**Exercise details:** Reproduce nothing but the lines from the start of the material through the line that includes "Mountains Baby Shower", both ends included, and omit every picture.

**Records supplied:**
☆ ☆ ☆ ☆

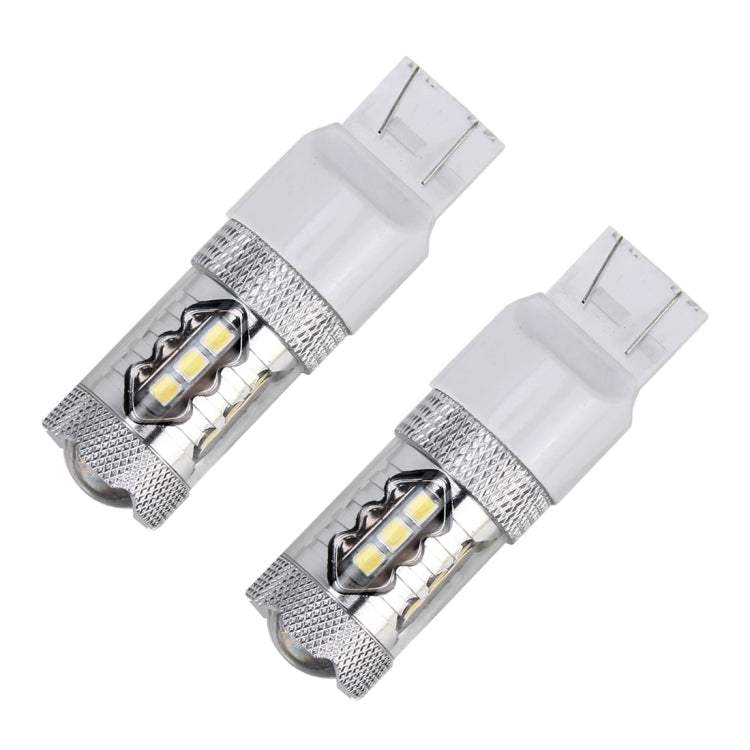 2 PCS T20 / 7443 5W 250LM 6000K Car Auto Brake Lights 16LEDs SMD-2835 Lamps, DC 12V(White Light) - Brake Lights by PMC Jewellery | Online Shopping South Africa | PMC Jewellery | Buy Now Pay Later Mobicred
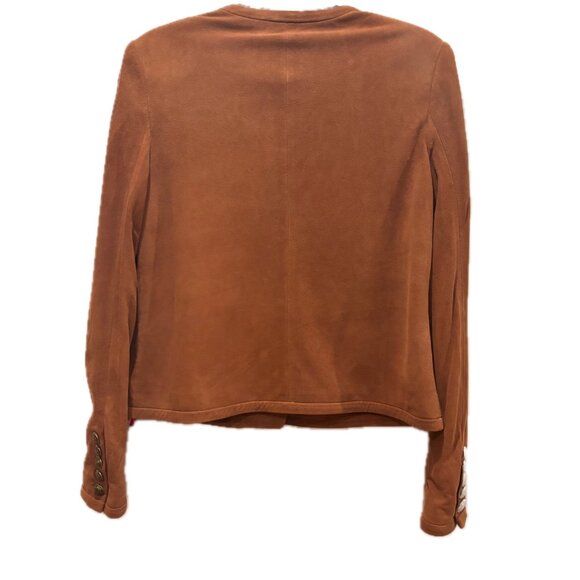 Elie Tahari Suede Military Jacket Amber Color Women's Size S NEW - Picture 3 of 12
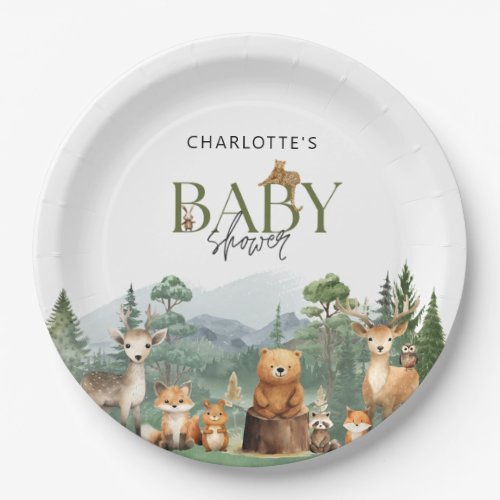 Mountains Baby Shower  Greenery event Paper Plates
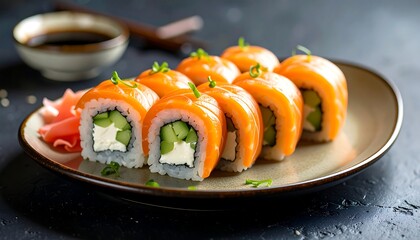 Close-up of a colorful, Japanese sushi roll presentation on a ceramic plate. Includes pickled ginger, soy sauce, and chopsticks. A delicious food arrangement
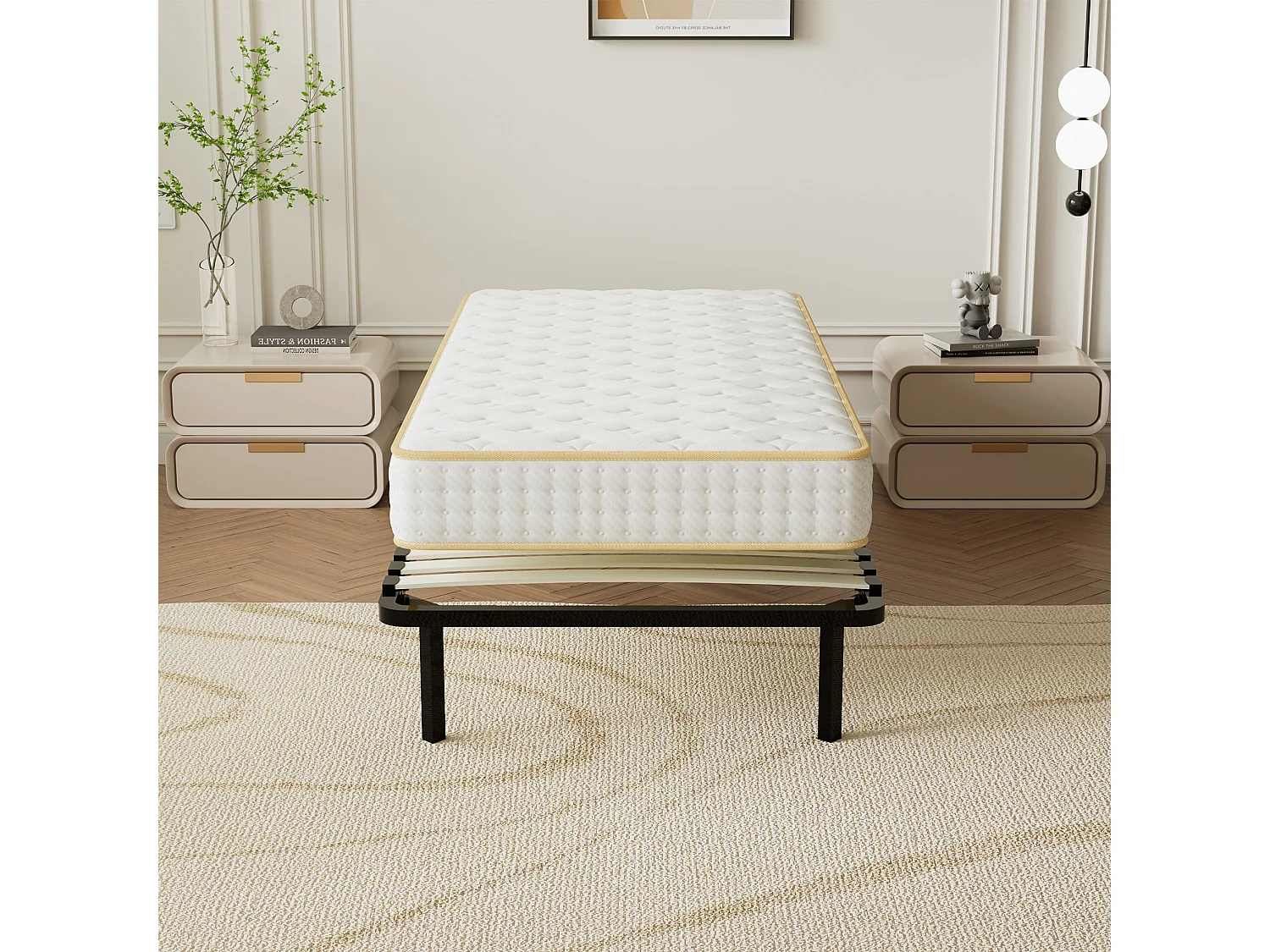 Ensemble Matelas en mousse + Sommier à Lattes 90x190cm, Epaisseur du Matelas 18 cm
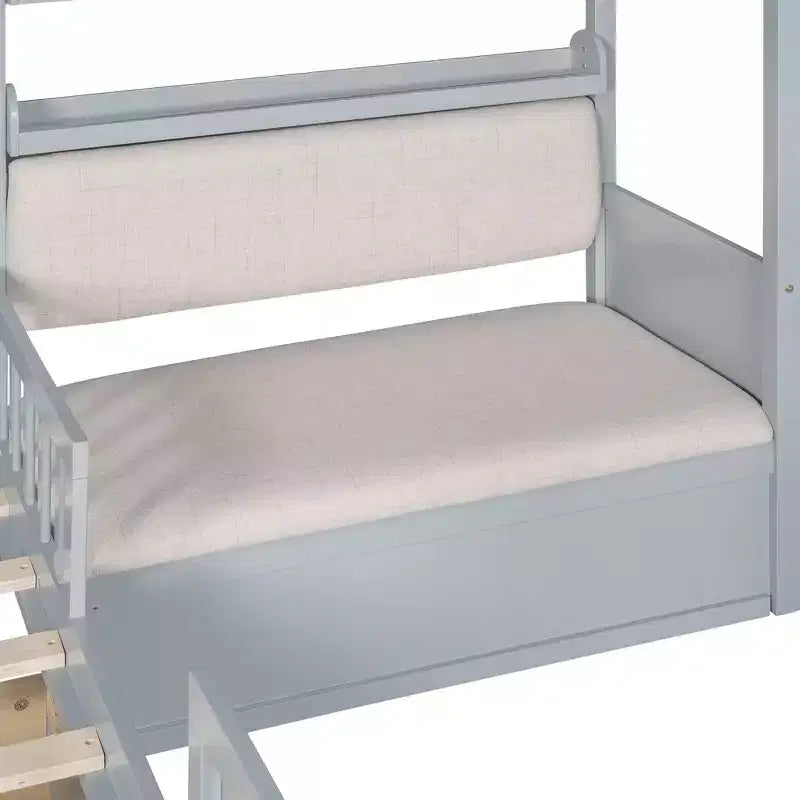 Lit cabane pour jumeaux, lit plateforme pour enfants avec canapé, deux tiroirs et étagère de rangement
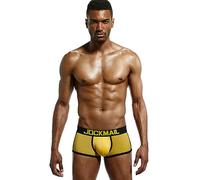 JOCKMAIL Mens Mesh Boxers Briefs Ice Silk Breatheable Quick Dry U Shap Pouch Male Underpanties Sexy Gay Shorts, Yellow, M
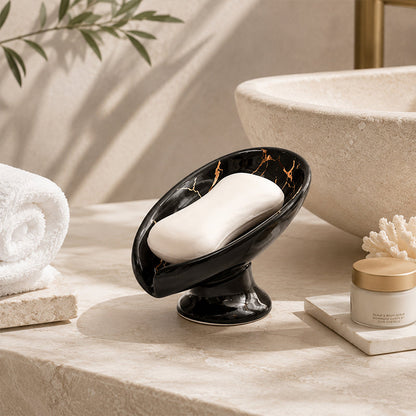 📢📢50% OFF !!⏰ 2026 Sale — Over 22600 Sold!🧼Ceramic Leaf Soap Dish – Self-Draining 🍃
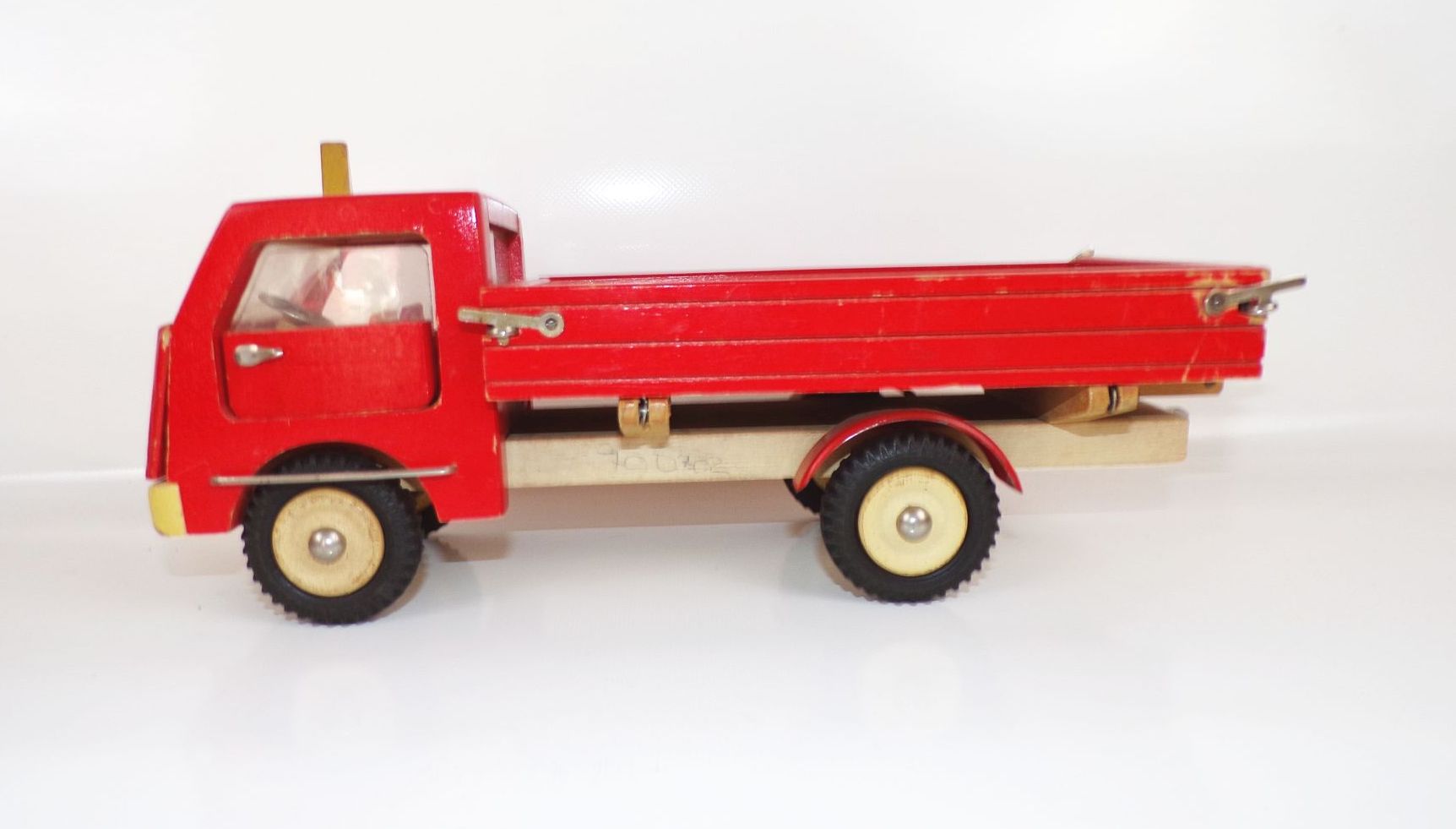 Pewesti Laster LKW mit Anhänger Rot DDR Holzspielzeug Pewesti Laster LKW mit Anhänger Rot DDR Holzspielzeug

☆ ☆ ☆ ☆

**Finished task:**
 2 PCS T20 / 7443 5W 250LM 6000K Car Auto Brake Lights 16LEDs SMD-2835 Lamps, DC 12V(White Light) - Brake Lights by PMC Jewellery | Online Shopping South Africa | PMC Jewellery | Buy Now Pay Later Mobicred
 Elie Tahari Suede Military Jacket Amber Color Women's Size S NEW - Picture 3 of 12
 Mountains Baby Shower  Greenery event Paper Plates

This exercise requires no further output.